The parallel between the Israeli apartheid system and the Jim Crow system under which African Americans suffered and died here in the United States of America also helps to explain a phenomenon that seems to puzzle many mainstream commentators. How is it that there exists such a relatively large reservoir of sympathy among African Americans in the United States of America for the cause of the Palestinians? It is a vicious slander to assert that such sympathy is based on anti-Jewish sentiment, though I would be na? to ignore that such sentiment does exist in some isolated quarters. Rather, for African Americans, we can at one and the same time stand with the Jewish victims of the Nazi’s Holocaust, while at the same time reject the Israeli apartheid system and its victimization of the Palestinian people. The horrors of the Holocaust, as the great Martiniquan writer Aime Cesaire pointed out, were not unprecedented, but found their basis in the brutal holocausts committed against the peoples of the global South by the colonial powers and the settler states. It was based on that shared history that African Americans viscerally understood and, therefore, placed ourselves in opposition to the racist motivations that lay behind the actions of the German Nazis and later the Italian Fascists in their persecution and then attempts at annihilation of the Jewish people.

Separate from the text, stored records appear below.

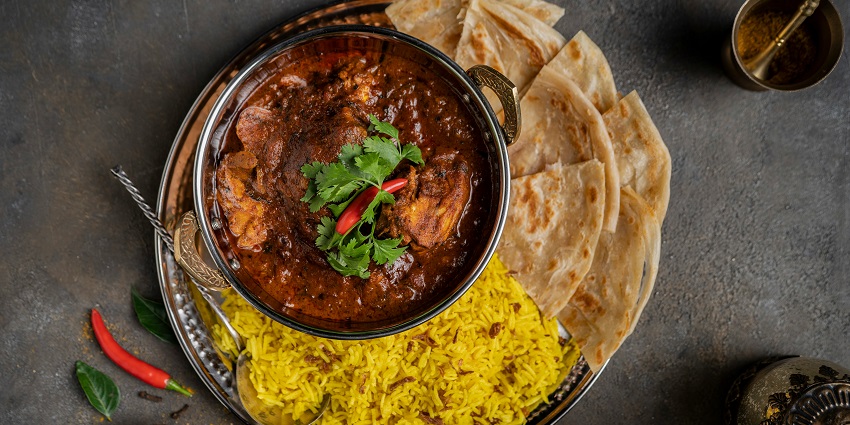 There are many eateries near Tatarpur Fort offering scrumptious Rajasthani food.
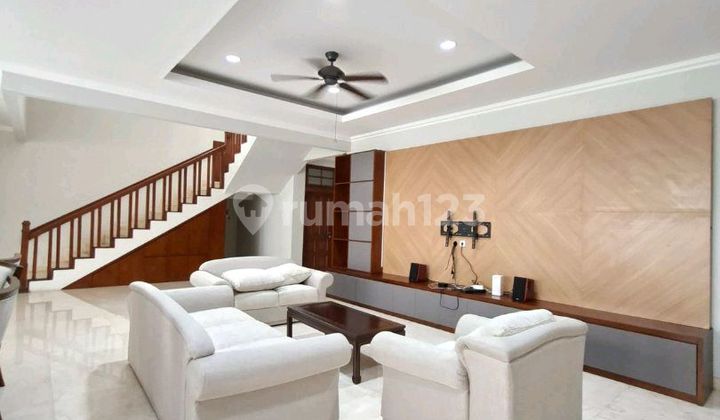 Rumah Mewah Siap Huni Lokasi Prime di Pondok Indahndok Indah 2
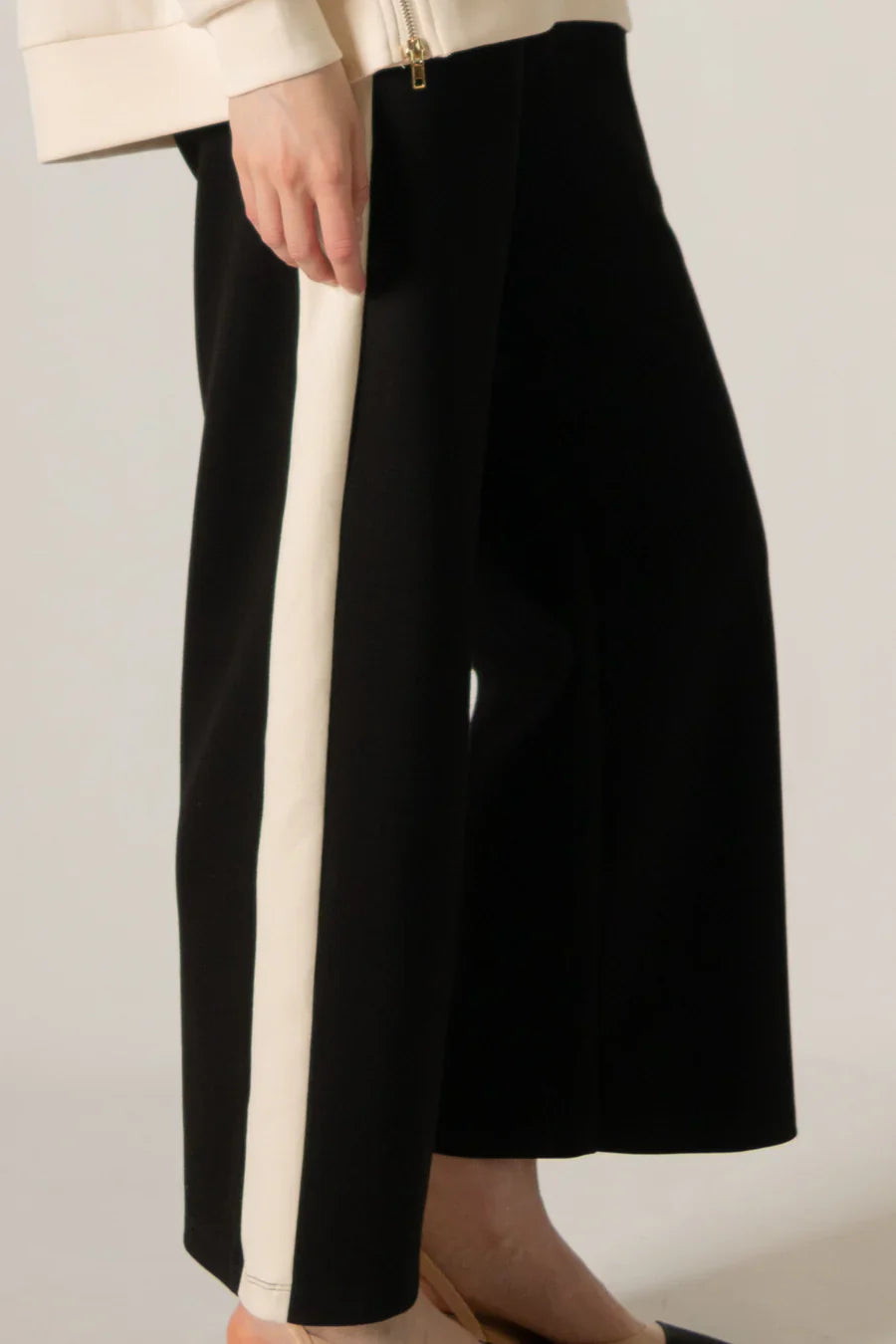 Lula Side Stripe Wide Leg Pants in Black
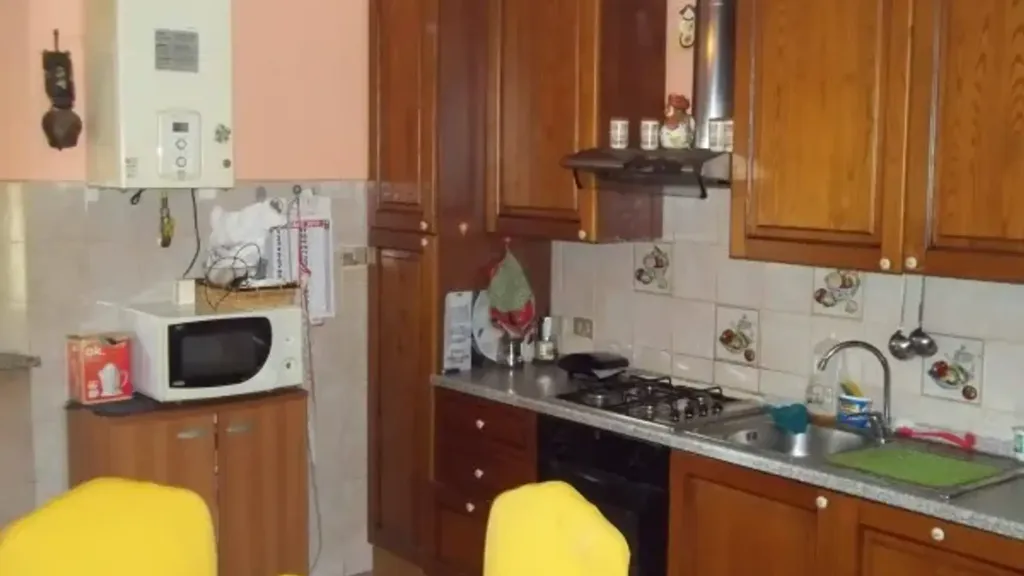 Cuisine - Two-Bedroom Apartment in Central Canegrate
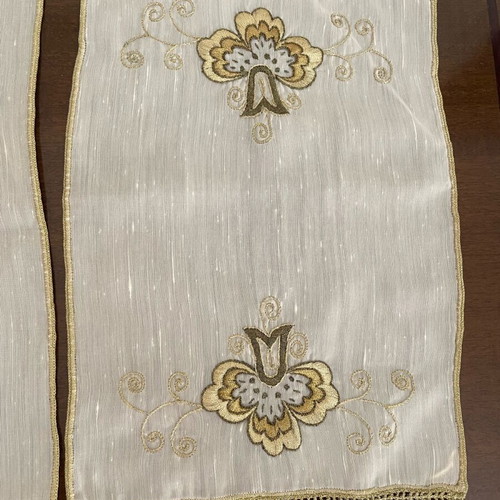 Handmade table runners unused, pack of 4 with gold thread and lace beige
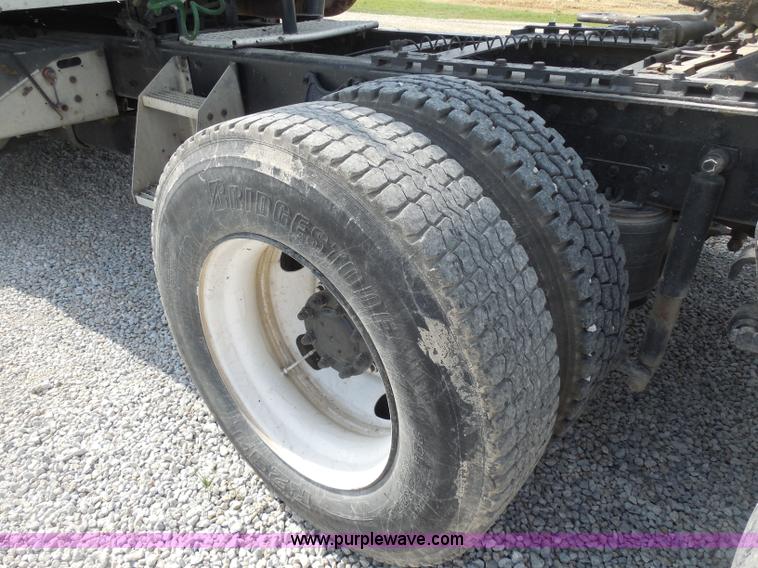 image for item D5973 1995 International 9200 semi truck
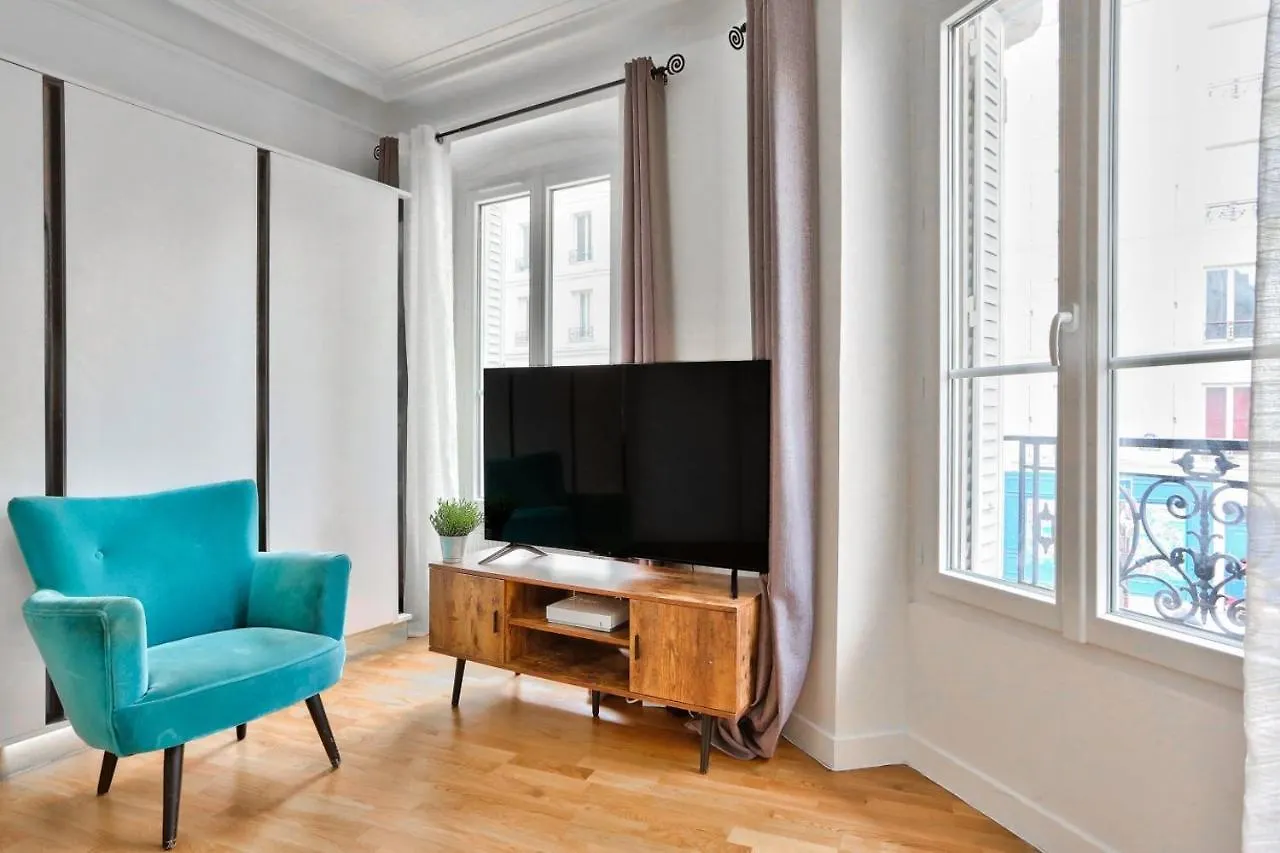 Appartement Quartier Notre Dame De Paris 2 0*,  France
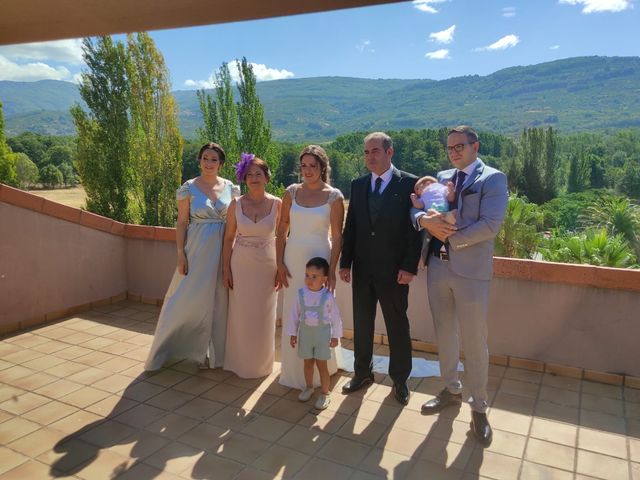 La boda de Rafael y Virginia  en Valdastillas, Cáceres 16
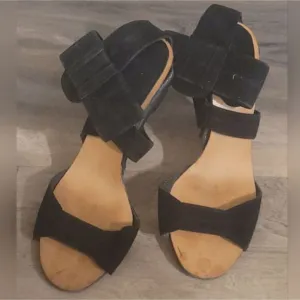 Chloe Black Suede Sandals. Size 8.5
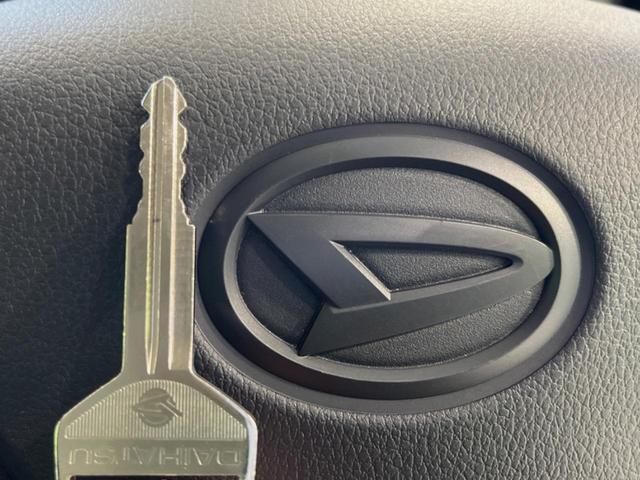 ミライース L SAIII 衝突被害軽減システム 禁煙車 コーナーセンサー オートハイビーム オートライト CDオーディオ アイドリングストップ 車線逸脱警報 ドアバイザー(23枚目)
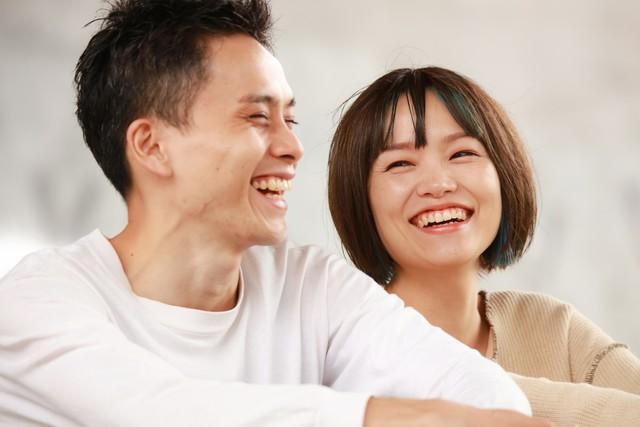 幸せな彼氏・彼女の姿※画像はイメージです（yamasan/stock.adobe.com/）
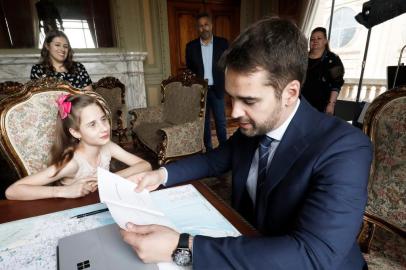 Uma menina de 9 anos, Isabelle Bonini Gabbi, escreveu um livro depois de uma ação de letramento e incentivo à leitura na cidade dela, Palmeira das Missões. Ela é aluna de escola pública e entregou esse livro para o governador Eduardo Leite.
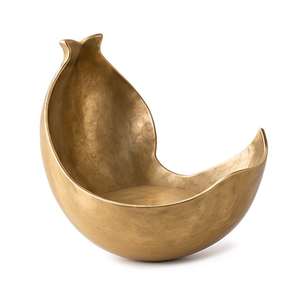 Porte-bougie en laiton artisanal - Design pilier en coque de noix fendue, décoration de table en métal, fabriqué à la main en Inde - Product Image 2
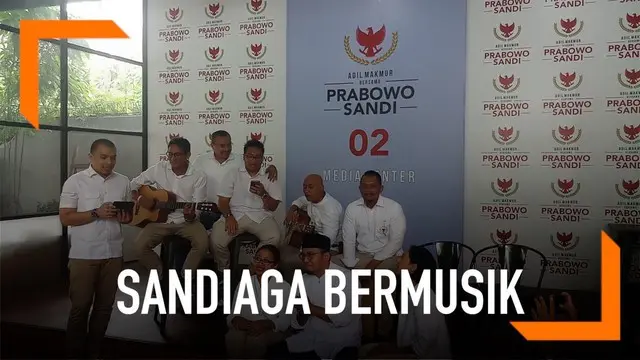 Sandiaga Uno bermain gitar dan bernyanyi lagu Kepompong bersama tim pemenangan Prabowo-Sandi. Mereka menunggu pengumuman hitung cepat di Kartanegara, Jakarta Selatan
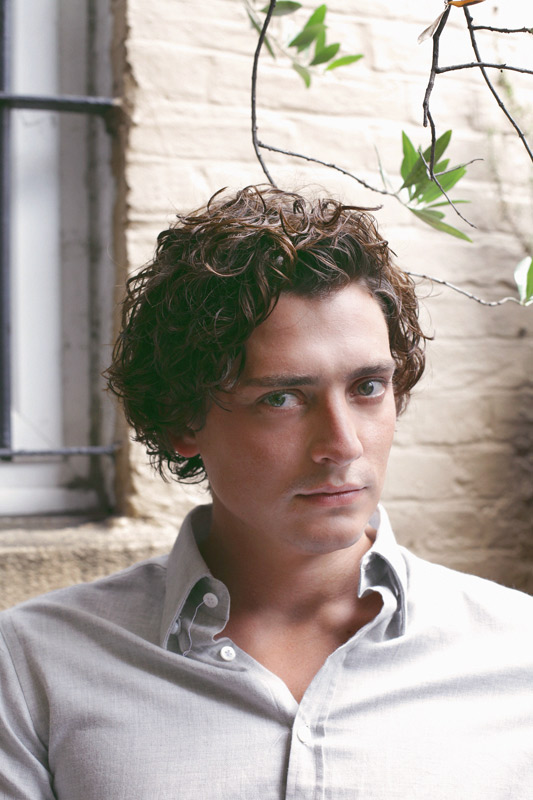 Aneurin Barnard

Yet none of this, that is, none of the reality of the Holocaust suffered by European Jews, excuses what has happened to the Palestinian people in the period since World War II, and especially since May 1948. And it is this that many people, in what is colloquially known as “Black America,” understand so well. The Israeli apartheid system that expropriates land from the Palestinians; restricts mixed marriages; condemns Palestinians to separate AND inferior education; and repudiates their internationally recognized right to return to their land and their homes, simply carries with it the same stench of the decadent and oppressive system that we came to know here in the USA as Jim Crow segregation.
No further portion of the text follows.